De pronto, cumpre sublinhar que a despeito de a responsabilidade das empresa ré ser objetiva, em face da relação de consumo, regrada pelo art. 12, caput, da Lei nº 8.078/19901, remanesce a(o) consumidor(a) o encargo de demonstrar a existência do dano e do nexo de causalidade entre o alegado prejuízo e, no caso, o produto adquirido, ônus do qual, entendo, o requerente não se desincumbiu a contento.

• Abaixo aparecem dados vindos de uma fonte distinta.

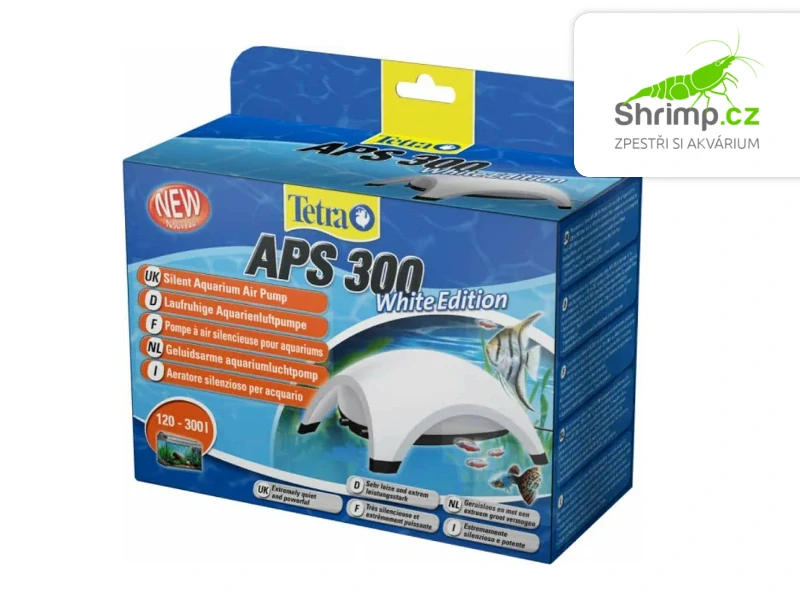 Kompresor TETRA APS 300 bílý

Sobre o tema, a doutrina que vai citada:

As regras normais do processo civil acerca do ônus da prova sofrem algumas alterações na ação de reparação de danos movida pelo consumidor derivada de acidente de consumo. A norma básica, estabelecida pelo art. 333 do CPC, atribui ao autor o ônus de provar os fatos constitutivos de seu direito, conferindo ao réu a demonstração dos fatos impeditivos, modificativos e extintivos do direito do autor.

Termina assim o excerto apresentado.